We were showered with love this weekend. We held a small, private memorial for Henry. It was my first social event since mid-September, and I was really happy to see friends and family, some who traveled quite far to be with us. We have been so well supported by them and others, and we were able to experience that in person. It was magical – and the wine helped!
I feel so comforted that my son was acknowledged and embraced this weekend. He has been a catalyst for love, and it means so much to me that he will be remembered.
And today, we went to the SPCA to adopt a new bunny. It was SUCH a difficult decision, mostly because I was ridiculous and wanted to see several rabbits before making a decision (BAD IDEA!!). It was stressful, especially with the accumulated emotions of the last little while. I probably didn’t need to go through that, and I kindof wish that I just went with the rabbit I thought I was sold on. I’m absolutely over thinking this. But we decided that once Thea – our new bunny – is settled, we will be fostering Penny (rabbit choice #1 who we didn’t adopt), so we’ll have both at least for a little while. With Wilbur, this means that our house will have an adorable bunny infestation!

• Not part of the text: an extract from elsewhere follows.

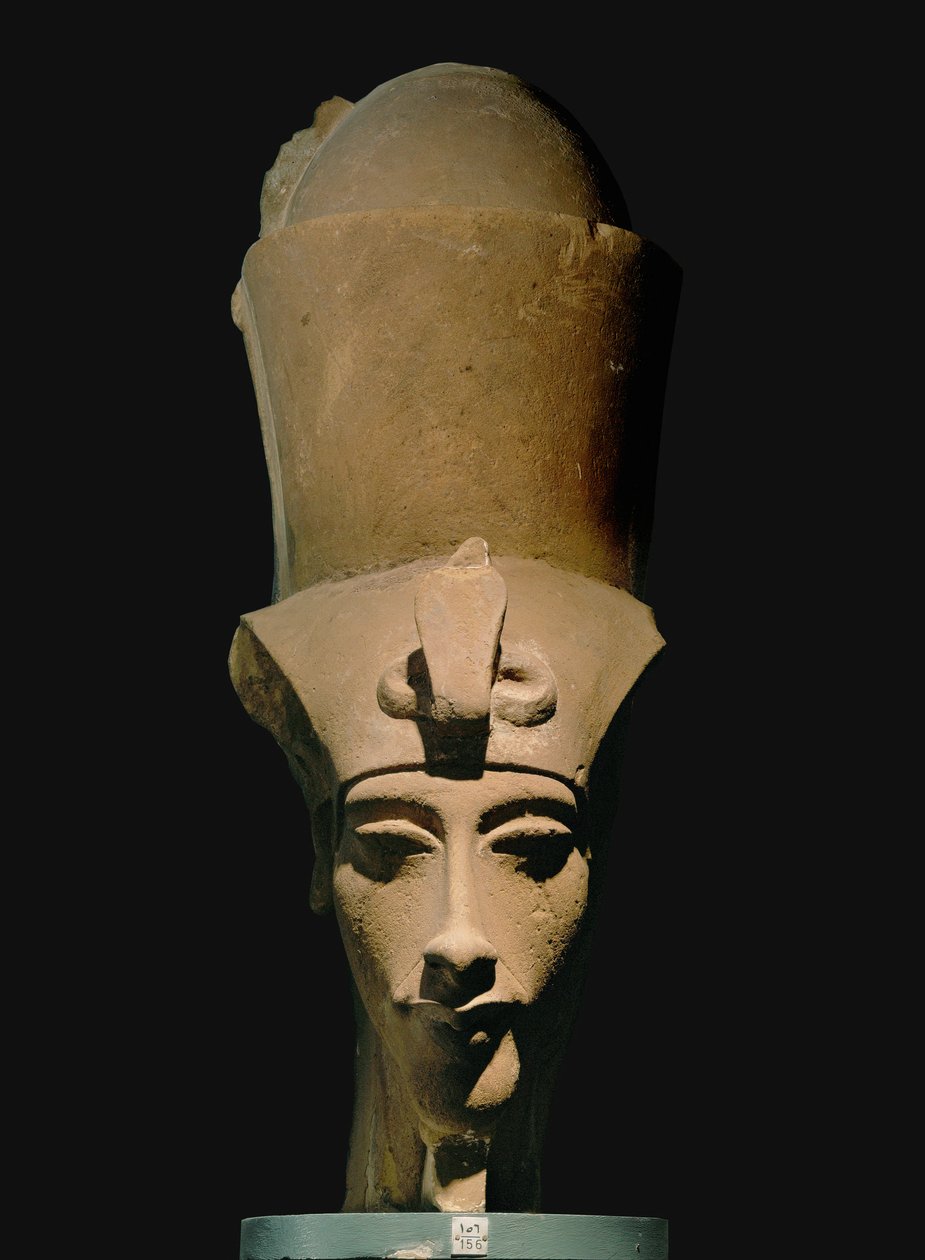 Amenhotep IV, z podwójną koroną ... autorstwa Egyptian 18th Dynasty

As good as this weekend was with getting a new bunny, seeing our nearest and dearest, and honouring sweet Henry, I’m feeling a lot of anxiety. I’m trying to identify why I feel this way while remembering to breathe. I’m not used to seeing people, for one. I did get a small taste of ‘regular’ life, and maybe I am just at the limit of what I can tolerate emotionally. I also feel really guilty for not taking Penny, especially since she reminds me of Sweetie (my poor, recently deceased bunny).
I’ll just digest this slowly, maybe take a bubble bath and drink some tea to calm my nerves, and get to know Thea. It’s nice to have something positive to focus on right now after losing two precious ones in such a short period of time.